RECORDS PROVIDED Block Start

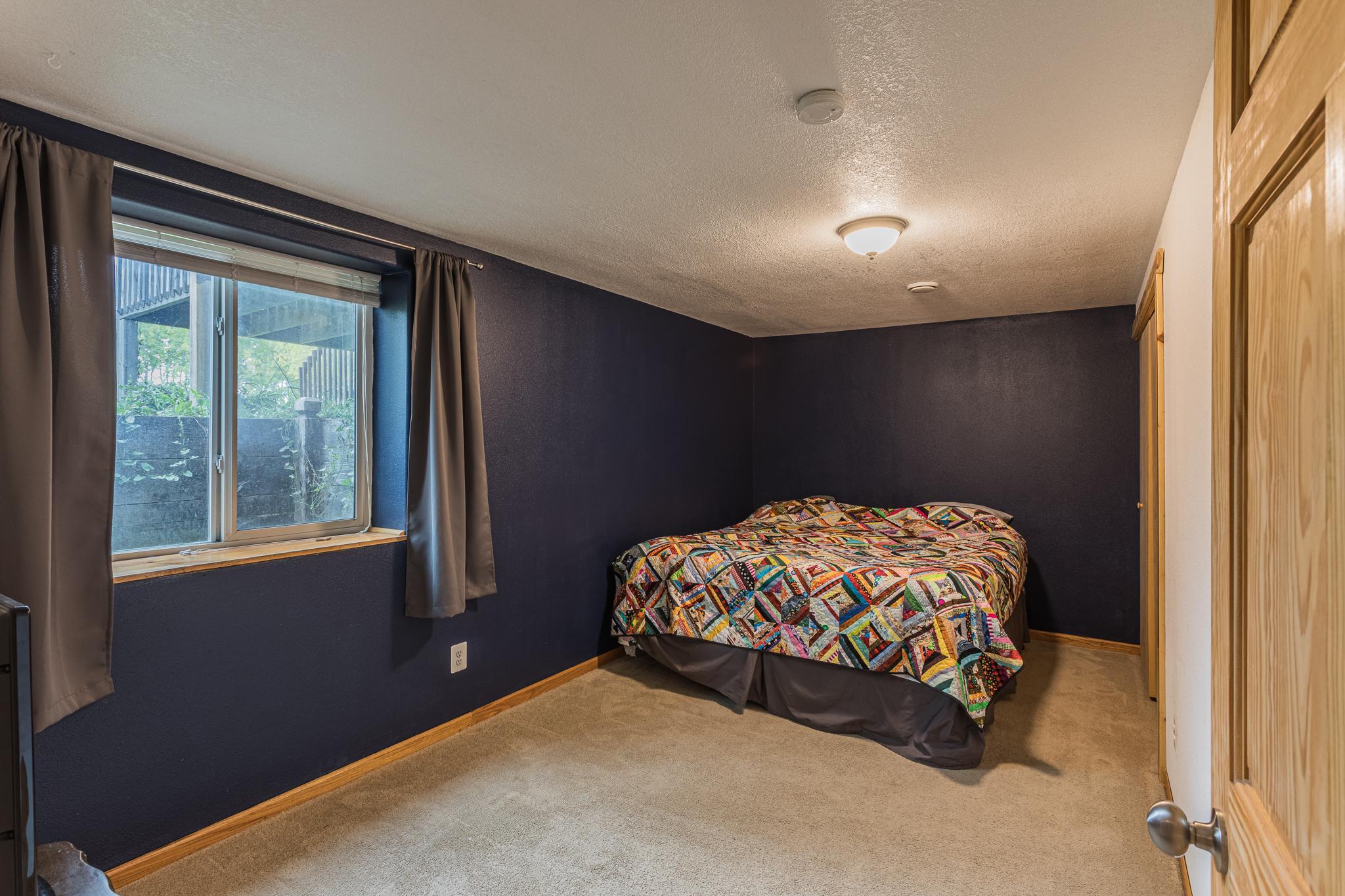 416_Ridge_Crest_Dr-1.jpg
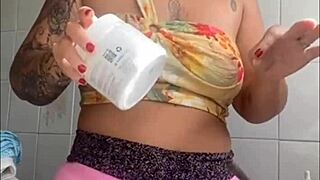 Displaying Swollen Intimate Area During Live Show.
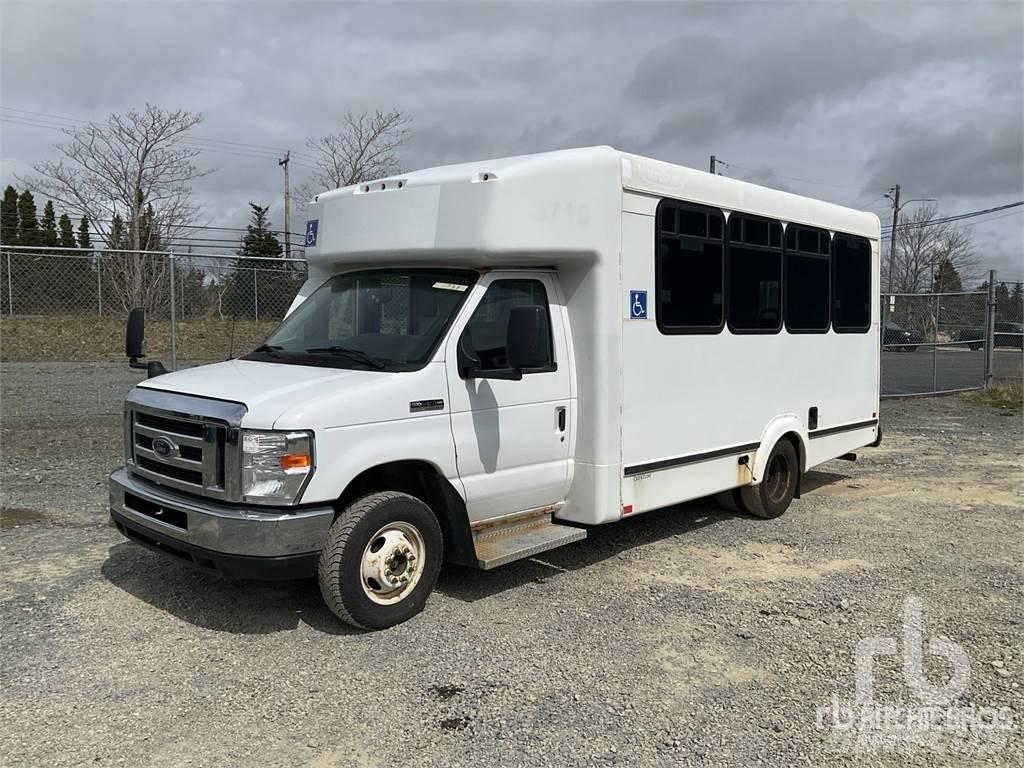 Ford E-350 Autocarros intercidades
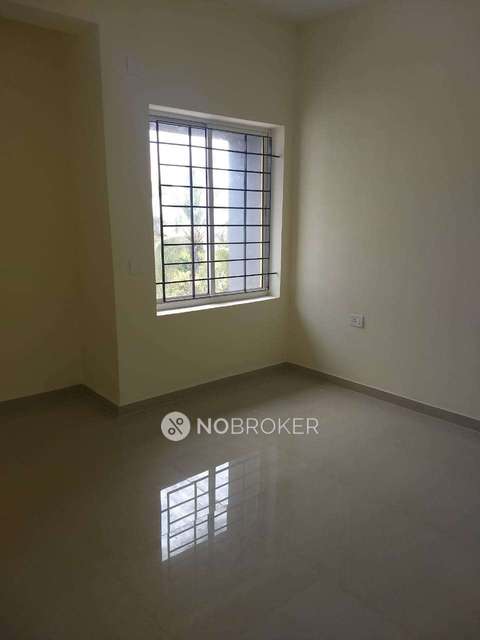 3 BHK Flat In Kg Centre Point For Sale  In Ponamallee 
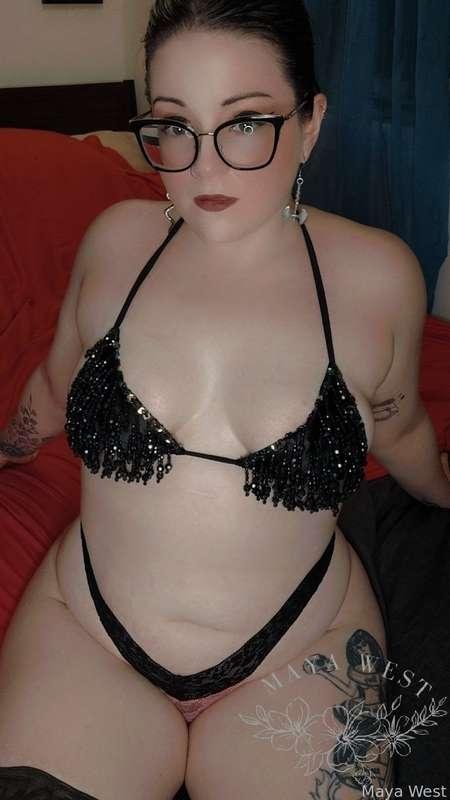 come take a bite, I promise it's delicious 💕





#bbw #alt #tattoos #nipplepiercings #pierced #piercings #solo #naturaltits #bigtits #bigass #brunette #stockings #thighhighs #glasses 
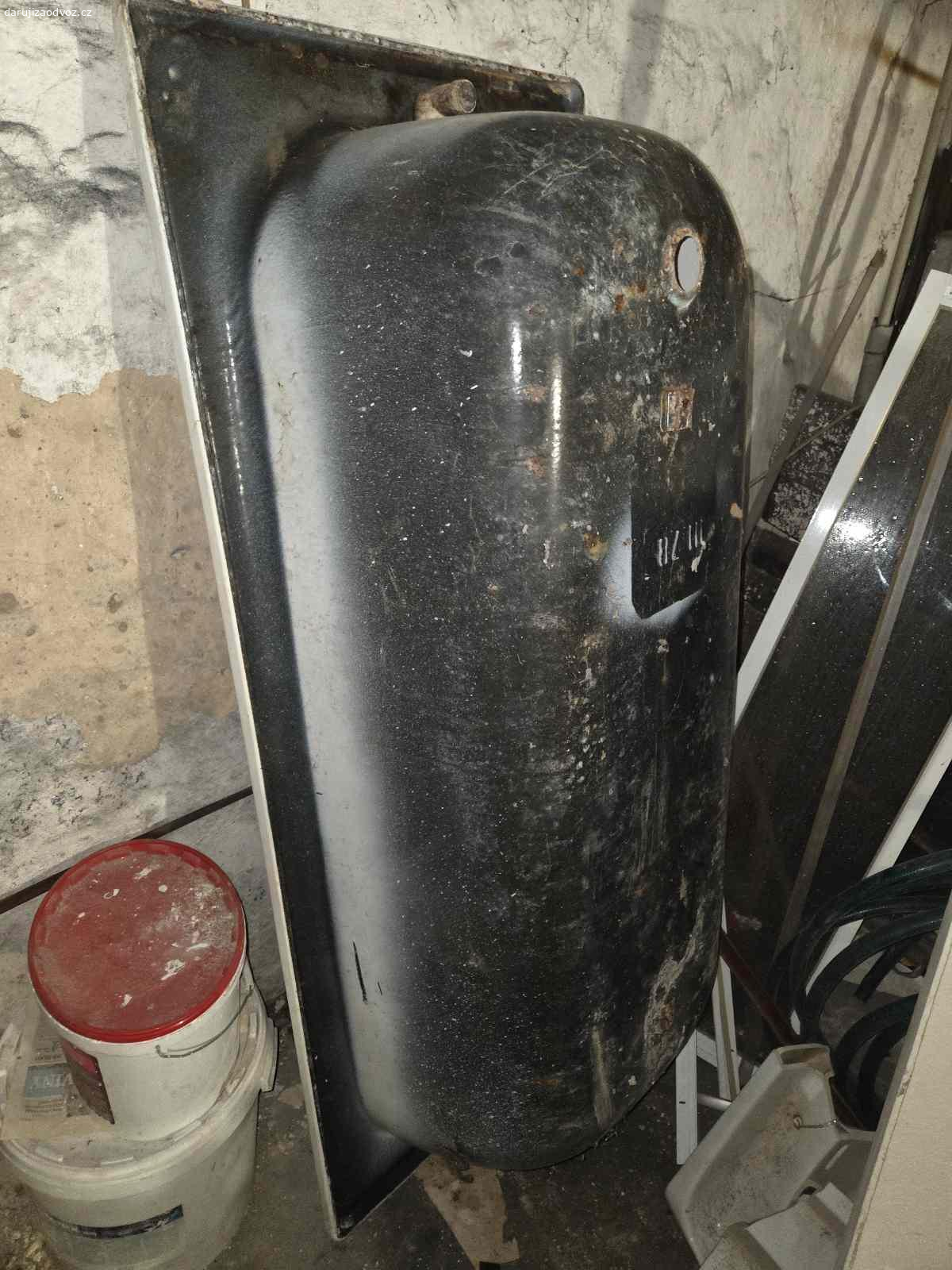 Plechová vana za odvoz. Daruji plechovou vanu vhodnou na zahradu jako vyvýšený záhon nebo zásobník dešťové vody atd.. Rozměr 170x100cm. Pište SMS zavolám zpět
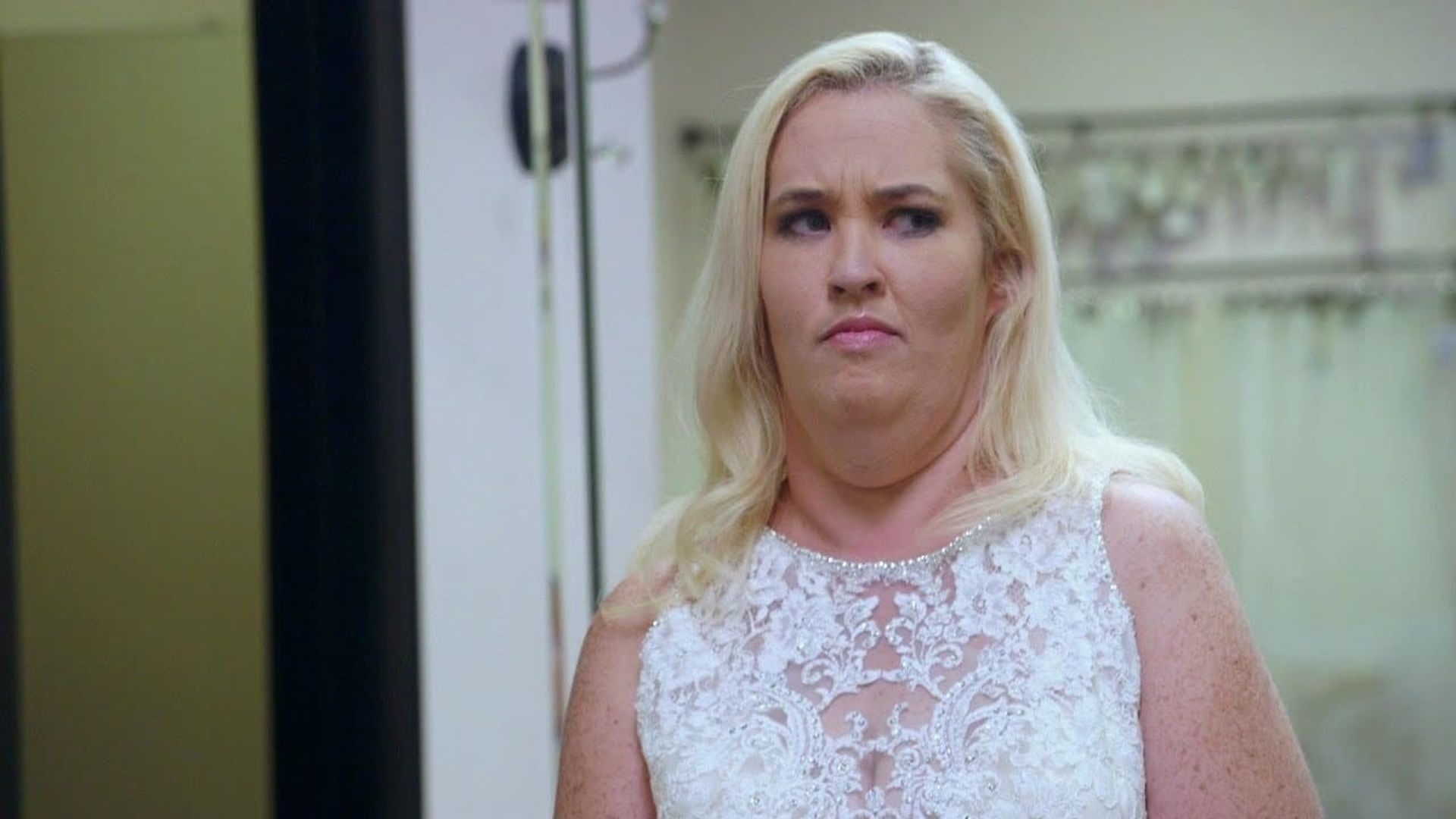 Mama June: From Not to Hot background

RECORDS PROVIDED Block End

WORK ITEM:
Starting at the line that holds "Displaying Swollen Intimate", reproduce each line through the last one of the listing, and nothing more; the pictures stay out.

SOLUTION TO THE PROBLEM:
 Displaying Swollen Intimate Area During Live Show.
 Ford E-350 Autocarros intercidades
 3 BHK Flat In Kg Centre Point For Sale  In Ponamallee 
 come take a bite, I promise it's delicious 💕





#bbw #alt #tattoos #nipplepiercings #pierced #piercings #solo #naturaltits #bigtits #bigass #brunette #stockings #thighhighs #glasses 
 Plechová vana za odvoz. Daruji plechovou vanu vhodnou na zahradu jako vyvýšený záhon nebo zásobník dešťové vody atd.. Rozměr 170x100cm. Pište SMS zavolám zpět
 Mama June: From Not to Hot background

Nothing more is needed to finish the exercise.